Another significant theological problem stems from the nature of the villains. The villains in Chiveis are not “regular” bad guys. They are Satanists, motivate by love for Satan, and eager to prove their devotion to the original dark lord by being as cartoonishly evil as possible. They wear black hooded robes. They torture animals. They summon demons. Their motto is “Cruelty is strength.” They are united in an ancient blood pact. The villains are so over-the-top evil that they are impossible to take seriously, much less empathize with as human beings.
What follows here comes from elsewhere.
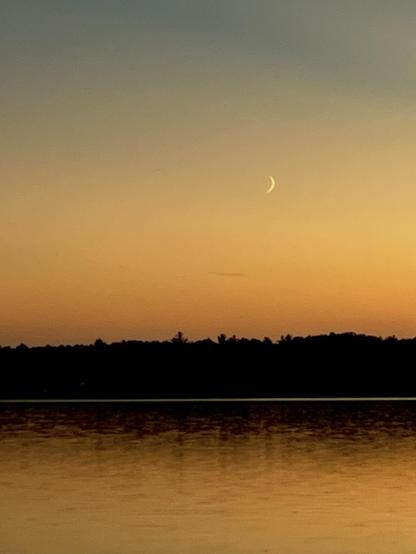 Sliver of a crescent moon in brownish orange skies over a lake after sunset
This is bad writing, of course, but it has the consequence that Chiveis never really deals with the concepts of sin or repentance. The bad guys are so bad that there is never any prospect of their repenting, and the concept of sin seems too nuanced to apply to them. Conversely, the good guys are so good that they have nothing to repent of. Ana and Teo each commit a token sin in an evident attempt to give some arc to their otherwise flat characters, but in both cases the sin is such a sudden and brief aberration from their normal behavior that there is no sense of transformation, renewal, or struggle when they turn from it. They briefly swerve from their virtuous statī quo and then immediately swerve back, as if nothing had happened. There are two side characters who go through more realistic repentance, but in both cases they are repenting of collaboration with the Satanists, and their repentance is not a rejection of sin as such, but rather a rejection of the Satanists’s overtly sinister agenda.
It is this shallow reduction of Christianity that makes Chiveis a very bad story. Instead of explaining concepts like sin, repentance, atonement, or eternal life, Chiveis treats Christianity almost as a sort of white magic that empowers people who posses a sufficient level of virtue. While Christians might just roll their eyes at this simplistic and inaccurate depiction of their faith, this misinformation could be dangerous to a person who is genuinely ignorant of Christian doctrine.
The Chiveis Trilogy is comprehensively bad and was enormously disappointing. I give it zero stars, and I recommend it for no one. Its only redeeming quality is that it is so bad that many parts are inadvertently funny, and they can be enjoyed on a “so bad it’s good” basis.